PROVIDED DATA ▸
━━━
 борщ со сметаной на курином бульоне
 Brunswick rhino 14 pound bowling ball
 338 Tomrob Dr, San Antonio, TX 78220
━━━
WHAT THE EXERCISE ASKS ▸ Please provide an exact transcription of each line from the one holding "Brunswick rhino 14 pound bowling ball" through the final line of the data above.

ANSWER FOR THIS EXERCISE ▸
 Brunswick rhino 14 pound bowling ball
 338 Tomrob Dr, San Antonio, TX 78220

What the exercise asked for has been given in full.